Dans notre pays, il ne se passe pratiquement pas un mois, sans que la presse ne rende compte d’un suicide ou d’une tentative de suicide. Il y aurait près de 14 cas par an. Cette statistique bien macabre pose avec acuité la question de la prise en charge de la santé mentale. Toutes les personnes atteintes de troubles mentaux ne sont pas suicidaires. En revanche, « les suicides présentent des troubles mentaux dans 90% des cas », apprend-on dans un article sur Les aspects épidémiologiques du suicide à Dakar.

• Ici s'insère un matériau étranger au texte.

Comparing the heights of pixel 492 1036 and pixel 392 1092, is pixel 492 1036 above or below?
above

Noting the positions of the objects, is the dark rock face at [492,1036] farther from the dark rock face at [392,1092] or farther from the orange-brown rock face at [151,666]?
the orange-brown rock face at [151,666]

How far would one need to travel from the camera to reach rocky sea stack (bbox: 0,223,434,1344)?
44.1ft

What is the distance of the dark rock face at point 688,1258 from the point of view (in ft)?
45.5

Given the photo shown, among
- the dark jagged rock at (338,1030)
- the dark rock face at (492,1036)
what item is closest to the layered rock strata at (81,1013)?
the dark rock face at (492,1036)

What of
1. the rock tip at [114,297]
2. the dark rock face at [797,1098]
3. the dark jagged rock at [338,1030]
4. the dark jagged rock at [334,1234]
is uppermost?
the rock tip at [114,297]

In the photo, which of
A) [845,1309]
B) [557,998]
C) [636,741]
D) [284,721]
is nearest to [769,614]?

Partout dans le pays, des personnes, âgées, jeunes et moins jeunes tentent, et souvent y arrivent, de mettre fin à leurs jours. Ce sont alors des familles dans le désarroi, l’incompréhension, l’incrédulité, de nombreuses questions en suspens. Qu’est-ce qui leur est passé par la tête ? Qu’est-ce qu’ils/elles ont dû traverser ? Comment se fait-il que personne n’ait rien remarqué ? De tout âge, de toute condition, ces personnes « végètent » pendant longtemps dans la dépression, les troubles de l’anxiété, la schizophrénie, la bipolarité, etc. Généralement en silence et dans l’indifférence, elles luttent contre « les démons de la folie » que sont traditionnellement les esprits malveillants et les drogues.
Aujourd’hui, les démons qui nous hantent ont entre autres noms pression sociale, précarité, manque, chômage. Selon des statistiques de l’ANSD, 63% des chômeurs au Sénégal ont entre 15 et 34 ans. De nombreux jeunes sont en proie à des troubles mentaux, qui sont aussi la conséquence de l’effritement des mécanismes de solidarité, la fragmentation de la cellule familiale, la dégradation de la qualité de vie.

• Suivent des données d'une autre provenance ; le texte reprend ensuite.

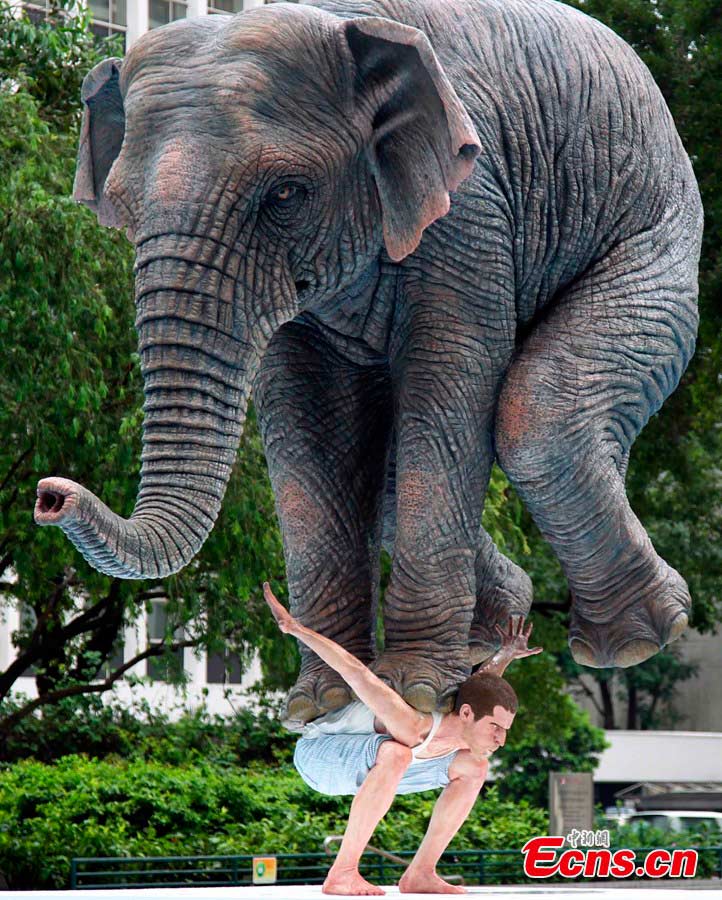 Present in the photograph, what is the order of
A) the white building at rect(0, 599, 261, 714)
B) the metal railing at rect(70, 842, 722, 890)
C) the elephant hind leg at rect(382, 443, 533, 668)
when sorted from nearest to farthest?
the elephant hind leg at rect(382, 443, 533, 668)
the metal railing at rect(70, 842, 722, 890)
the white building at rect(0, 599, 261, 714)

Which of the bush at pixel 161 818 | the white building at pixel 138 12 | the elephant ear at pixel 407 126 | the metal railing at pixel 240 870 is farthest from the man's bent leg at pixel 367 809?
the white building at pixel 138 12

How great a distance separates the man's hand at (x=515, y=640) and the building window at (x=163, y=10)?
77.0 feet

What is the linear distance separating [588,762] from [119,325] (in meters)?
13.8

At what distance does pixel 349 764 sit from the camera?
478 centimetres

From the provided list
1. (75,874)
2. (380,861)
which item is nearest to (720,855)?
(380,861)

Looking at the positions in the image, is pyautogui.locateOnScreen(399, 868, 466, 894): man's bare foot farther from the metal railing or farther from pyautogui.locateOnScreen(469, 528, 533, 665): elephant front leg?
the metal railing

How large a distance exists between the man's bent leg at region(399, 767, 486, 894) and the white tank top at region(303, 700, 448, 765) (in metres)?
0.21

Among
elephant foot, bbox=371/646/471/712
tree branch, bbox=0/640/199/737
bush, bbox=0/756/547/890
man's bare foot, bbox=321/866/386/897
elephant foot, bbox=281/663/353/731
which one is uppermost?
elephant foot, bbox=371/646/471/712

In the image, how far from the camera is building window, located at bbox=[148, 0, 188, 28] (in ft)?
88.2

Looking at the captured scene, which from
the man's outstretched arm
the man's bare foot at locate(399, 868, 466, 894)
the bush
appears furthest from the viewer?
the bush

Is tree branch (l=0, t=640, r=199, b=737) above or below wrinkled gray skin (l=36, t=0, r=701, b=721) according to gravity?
below

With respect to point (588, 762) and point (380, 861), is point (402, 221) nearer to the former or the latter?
point (380, 861)

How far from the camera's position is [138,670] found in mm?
27469

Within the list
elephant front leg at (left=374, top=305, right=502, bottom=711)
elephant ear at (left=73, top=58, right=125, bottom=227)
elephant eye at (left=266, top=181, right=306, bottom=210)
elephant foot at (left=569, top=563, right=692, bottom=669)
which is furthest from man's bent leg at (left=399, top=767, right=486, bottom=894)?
elephant ear at (left=73, top=58, right=125, bottom=227) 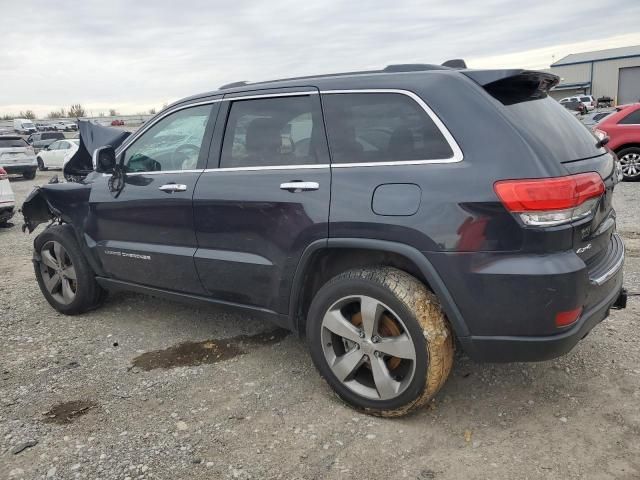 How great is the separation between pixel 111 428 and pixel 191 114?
2.11 meters

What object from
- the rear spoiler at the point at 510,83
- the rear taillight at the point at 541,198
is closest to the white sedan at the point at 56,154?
the rear spoiler at the point at 510,83

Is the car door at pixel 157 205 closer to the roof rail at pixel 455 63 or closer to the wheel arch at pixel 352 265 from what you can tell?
the wheel arch at pixel 352 265

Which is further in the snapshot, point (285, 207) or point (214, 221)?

Les troubles mentaux, nous dit Papa Mamadou Diagne, sont le résultat d’un processus de désaffiliation des personnes affectées. Un faible soutien psychoaffectif de l’entourage et de la famille finit par exacerber une instabilité émotionnelle latente. La rupture sociale s’achève avec la « désolidarisation de la famille, son écrasement moral et sa déchéance financière ». Incompris, isolés, les malades se retrouvent souvent dans la rue, sujets aux agressions, subies ou infligées, et à la violence symbolique. Pour faire face à la maladie, certaines familles ont recours à la médecine traditionnelle notamment en raison de la proximité géographique des marabouts et autres guérisseurs et de l’accessibilité des consultations.
En milieu Lebu, les cérémonies de Ndëpp permettent d’exorciser les esprits malins. D’autres familles allient médecine traditionnelle et psychiatrie. D’autres encore ont exclusivement recours aux services psychiatriques. Dans beaucoup de cas, la prise en charge psychiatrique arrive quand la personne affectée est dans ses derniers retranchements. Les pesanteurs socio-culturelles font que peu de gens admettent souffrir de troubles mentaux. Et peu de familles sont enclines à reconnaître un « malade mental » en leur sein.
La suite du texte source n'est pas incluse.